There are so many areas in T.O it's hard to decide which would be best.

Thanks a million!!


----------



## hmulone (Feb 18, 2013)

Hi there, 

I am a 29 yr old that has lived in toronto my whole life, just moved to Boston last year. Please feel free to ask me specific questions about certain areas, I know the city very well. 

First off, you're going to want to be looking in Toronto as long as you can afford it, and definitely NOT mississauga/etobicoke/scarborough. It's a whole different story whatsoever. If you want to move to Toronto, move to Toronto proper.

Areas that you might want to check out are Parkdale (Queen W and Dufferin), the Annex (Spadina and Bloor), Leslieville (Leslie and Queen E), the Beaches (Queen from Jones to Victoria Park) or the Junction (Dundas W and Bloor). Typically, the search parameters that people our age use are Roncesvalles to the West, Bloor to the North, Yonge to the East, and King to the South. 

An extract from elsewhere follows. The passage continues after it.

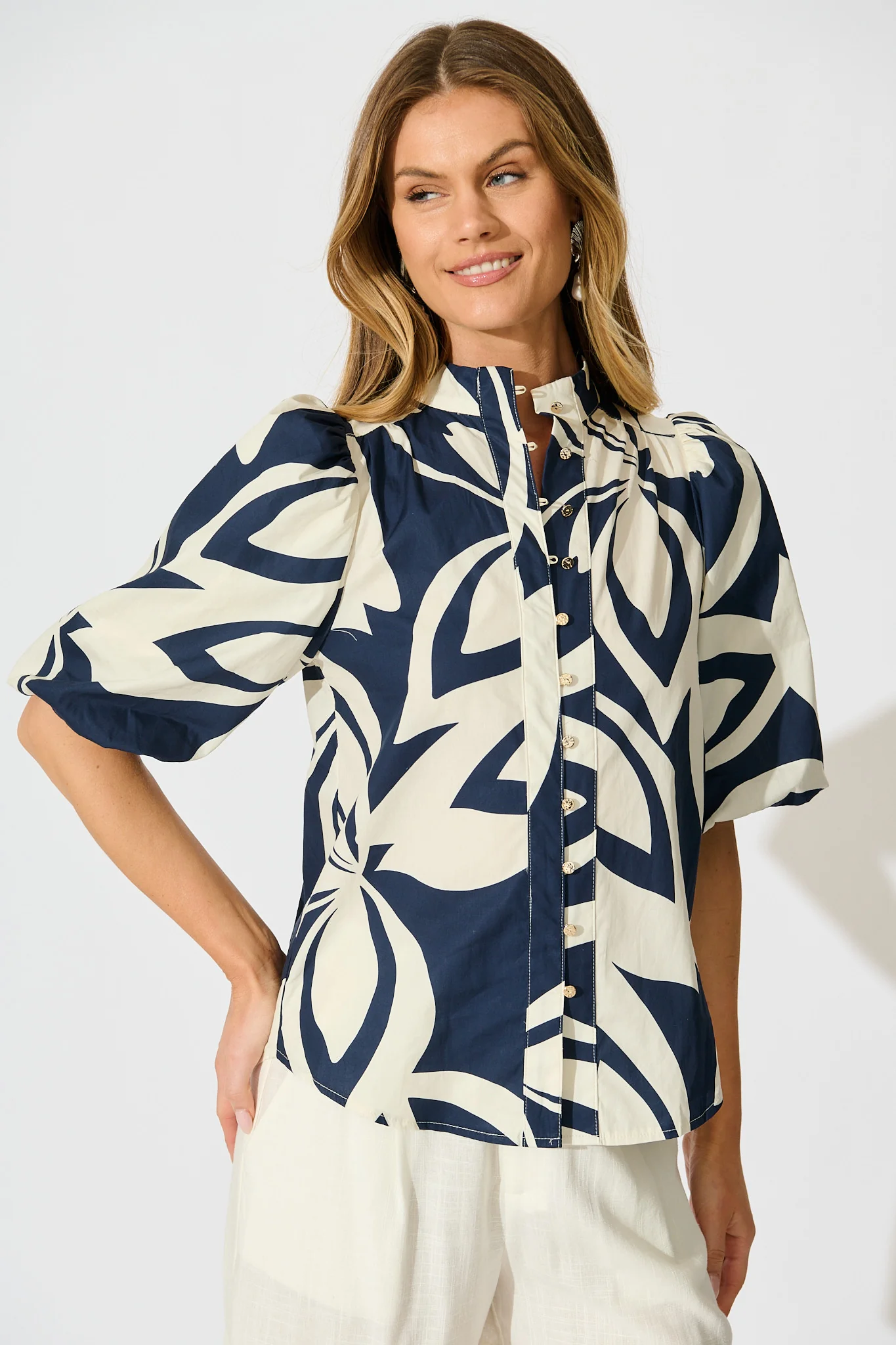 Keylani Shirt in Navy with Cream Leaf Print Cotton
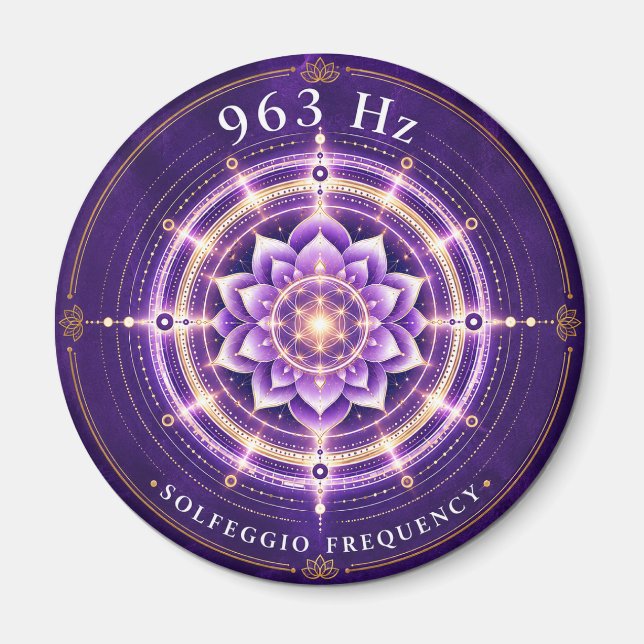 963 Hz Solfeggio-Frequenz Magnet | Blüte des Leben (Vorne)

As far as public transportation, remember that there are 24 hr streetcars on Queen, King, Dundas, College, and Bathurst, and buses on streets like Bay, Ossington, etc. The Subway runs approx 6 am till 2 am across Bloor/Danforth and down Yonge/University. 

Hope this helps, and let me know if you want more info.


----------



## RhychelleW (Jan 25, 2013)

Im looking at moving from Perth to Toronto also and thats helped a bunch


----------



## Liam(at)Large (Sep 2, 2012)

There's also Bloor West Village, Yonge & Eglinton, Yonge & Lakeshore and Danforth, as well as those mentioned above. What is your budget and style of accommodation (house share, apartment, condo, house)?

I am from Toronto, recently moved to Auckland, but previously lived in the Beach.


----------